Perhaps even more crucially, many thousands of multiplex crRNA arrays can now be commercially synthesized on a chip and cloned into a vector in a batch “one-pot” reaction. For the purpose of creating a large transgenic Drosophila resource, this is an important technical advantage over Cas9. Additionally, as Port and colleagues (1112) have done in their previous CRISPR manuscripts, they provide a clear, easy-to-follow protocol for cloning crRNA plasmids (7). These protocols are very much appreciated by others in the field and are likely one of the reasons that the reagents they generate have been so widely adopted.

 

Having shown that ubiquitously expressed Cas12a is effective in vivo, the authors next showed that this system can be adapted for tissue-specific use via the Gal4-UAS system. Previous work has shown that Cas9 has two technical drawbacks when expressed in a tissue-specific manner. First, high levels of Cas9 expression using Gal4-UAS are often toxic and cause significant apoptosis and tissue malformation (13). Second, leaky expression of Cas9 outside of the intended tissue can lead to high levels of unintended target cleavage, especially when sgRNAs are expressed ubiquitously (11). Both of these drawbacks have required clever work-arounds to allow for tissue-specific Cas9 mutagenesis (1113). In the present manuscript, the authors show that Gal4-UAS–driven LbCas12a is well tolerated in various tissues, does not appear to drive target cleavage outside the intended Gal4+ domain, and is very effective for somatic, tissue-specific knockout in a number of tissues including the germline (7). The ability to perform tissue-specific Cas12a experiments greatly increases the likelihood that this system will be a valuable orthogonal approach to Cas9 and RNAi for tissue-specific genetic manipulations.

 

Lastly, the authors show that there is almost certainly room for improvement in this system. They test a single point mutation in LbCas12a (D156R) that has been previously shown to enhance cleavage efficiency in the plant Arabidopsis and find that this mutation functions similarly in Drosophila. Given the advantages conferred by this point mutation, one can assume there may be additional ways to improve the efficiency of the system. They then compare mutagenesis efficiencies of a panel of 39 target genes using Cas12a, Cas12aD156R, and Cas9 and find that the efficiency of Cas12aD156R approaches that of Cas9, a high bar.

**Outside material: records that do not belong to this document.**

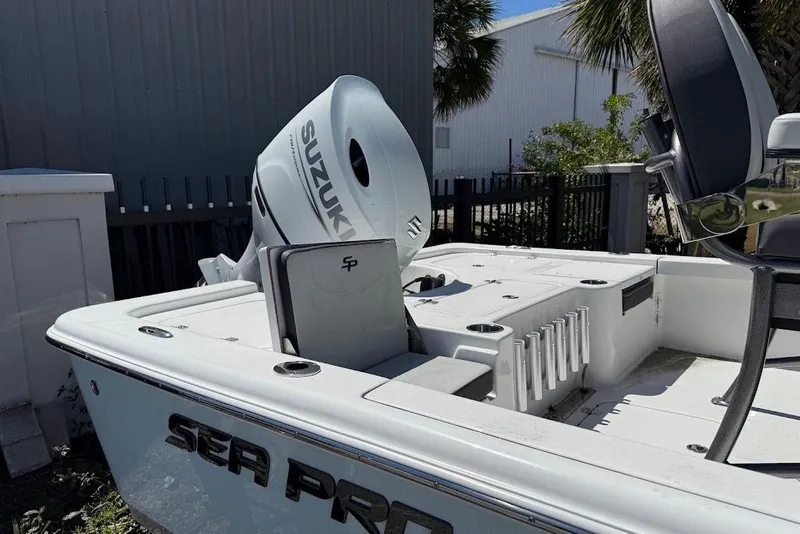 Slide: The Image of 2026 Sea Pro 230 Bay boat with Suzuki outboard motor, docked outdoors. - 5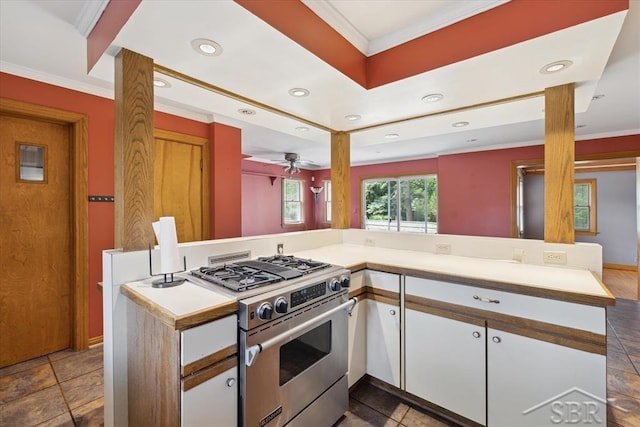 2505 Court St, Saginaw, MI 48602 - kitchen featuring stainless steel range, crown molding, white cabinetry, light countertops, and recessed lighting
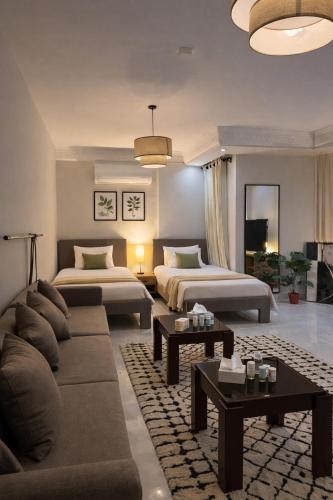 a living room with two beds and a couch at Jira Inn Hotel - چيران in Cairo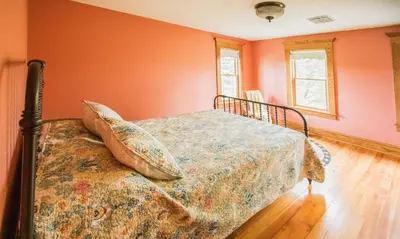 a bedroom with orange walls and a bed with pillows at Nature Valley Farm- 2BD/1BA on private 53 acres in North Lawrence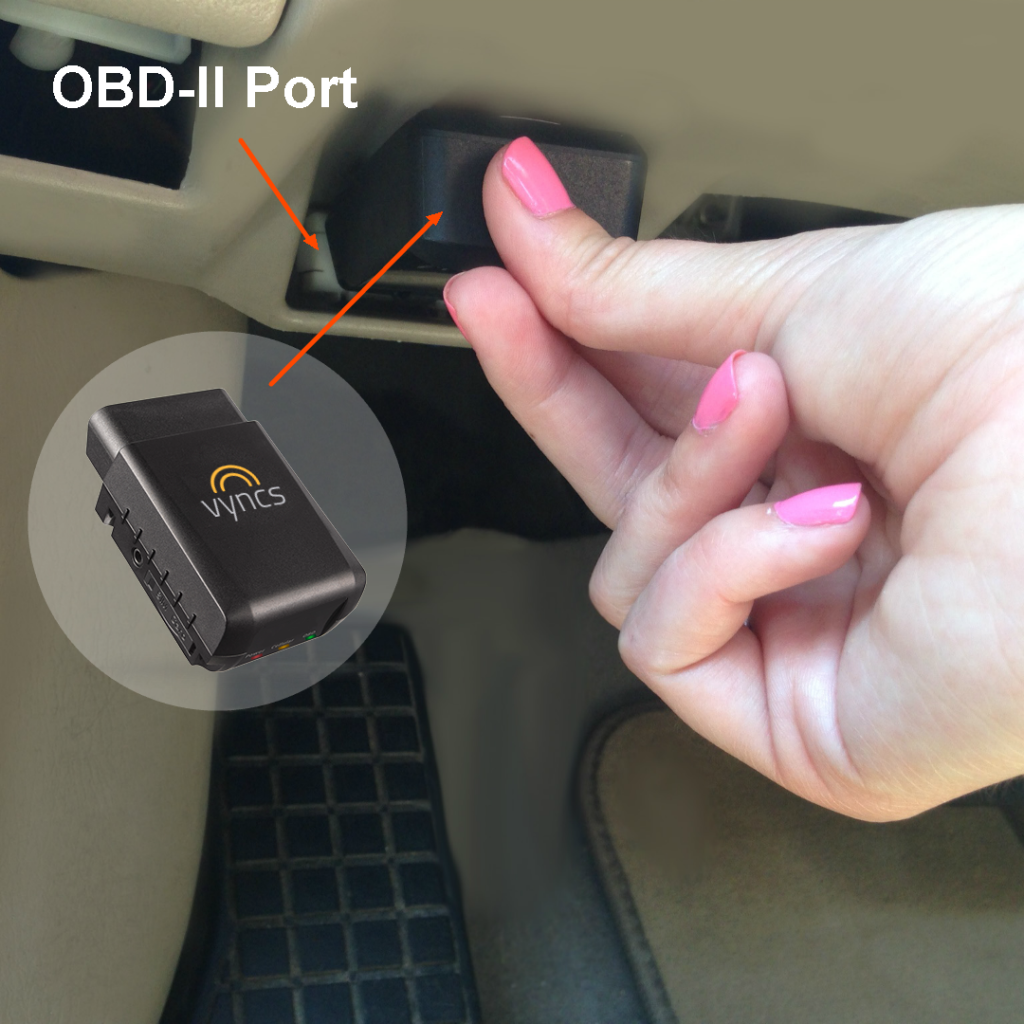 OBD-II GPS tracker being pushed into the diagnostic port under a dashboard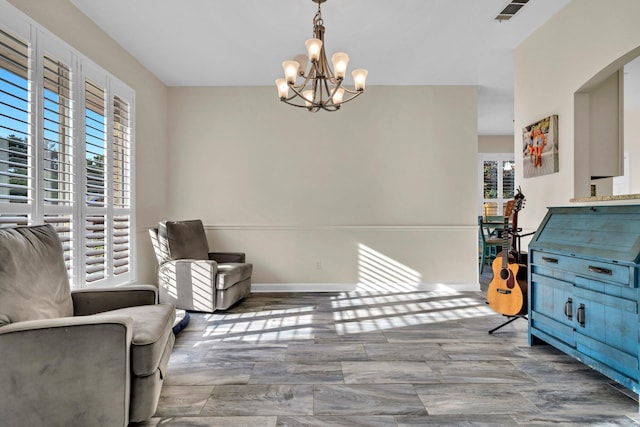 283 Stahlman Ave, Destin, FL 32541 - living area featuring a chandelier, arched walkways, wood finished floors, and baseboards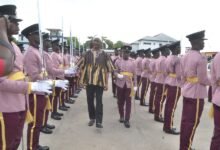 • Alhaji Muntaka (in smock) inspecting the guard of honour during the graduation Photo: Victor A. Buxton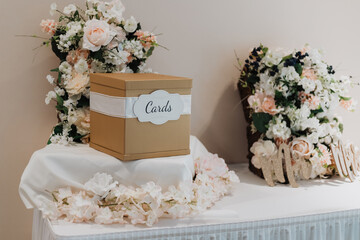 Gold wedding card box wrapped with white ribbon labeled “Cards” on draped table with blush...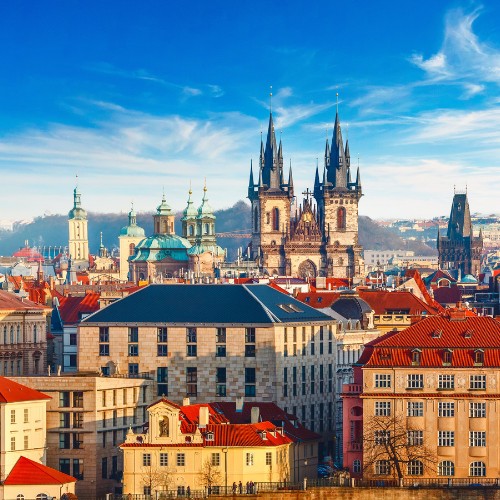 A vibrant cityscape of Prague with red-roofed buildings, Gothic spires of the Church of Our Lady before Týn, under a bright blue sky with wispy clouds.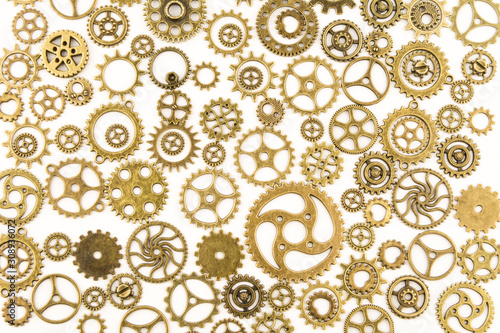 metallic gears background / Closeup of metal cog gears / close up texture pattern steampunk style and old mechanical peaces / decorative frame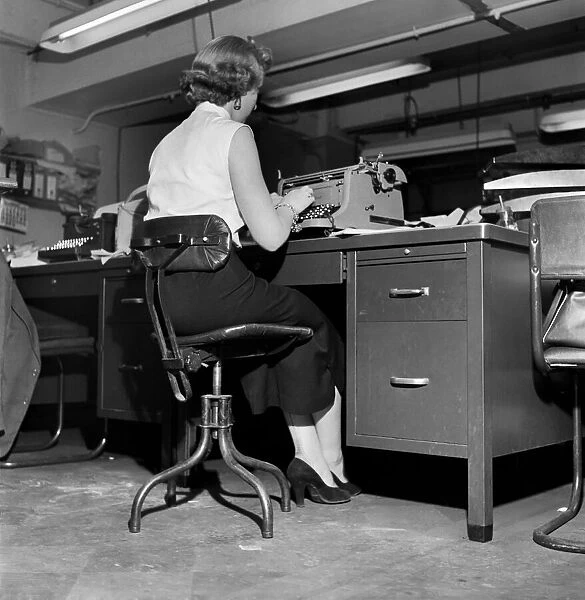 Typist seen here working in a typical 1953 office. September 1953 D5677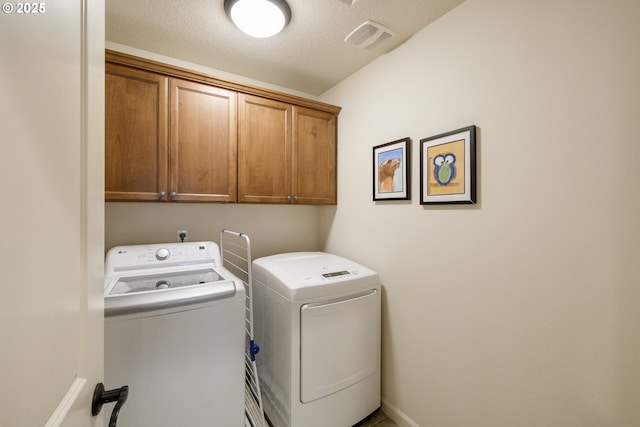 laundry room with visible vents, washer and dryer, a textured ceiling, cabinet space, and baseboards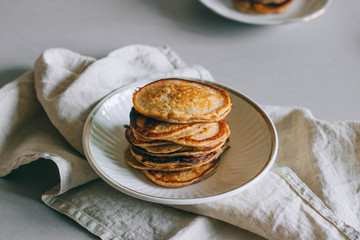 Banana pancakes with walnuts on a white background. Morning breakfast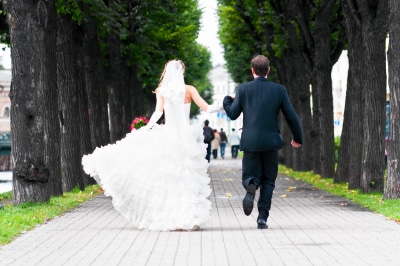 bride and groom running with joined hands on city park road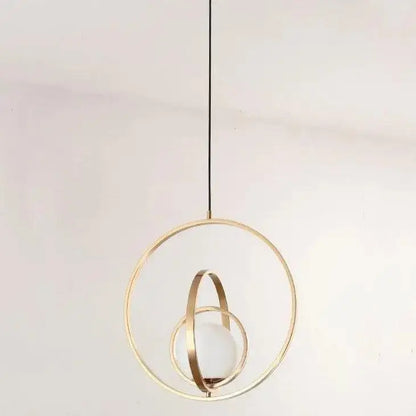 Modern rotating gold ring pendant light bedroom frosted glass globe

As the authors discuss, it is unlikely Cas12a will replace Cas9 for in vivo genome editing in Drosophila, especially given the large transgenic sgRNA collections that are currently being generated by a number of laboratories and resource centers. However, given the impressive mutagenic performance of Cas12a, and the notable technical advantages of batch cloning crRNAs, it is likely to become a widespread and important orthogonal approach in the field.

 

The discovery of CRISPR-Cas9 has been a gold mine, and scientists around the world continue to dig at an outrageous pace. In the past few weeks alone, a “hypercompact” enzyme termed CasΦ was described that is half the molecular weight of Cas9/Cas12a yet possesses similar genome-editing properties (14), and “prime editing” has been successfully adapted for in vivo studies in Drosophila, allowing for precise genome editing without DNA double-strand breaks (15). Given the dizzying pace of discovery and improvement in the CRISPR field, it can be a genuine challenge for model organism researchers to decide when the time is right to make a meaningful investment in a given CRISPR strategy. The decision of Port et al. (7) to invest in creating a working tool kit for Cas12a in Drosophila seems to have been a wise decision.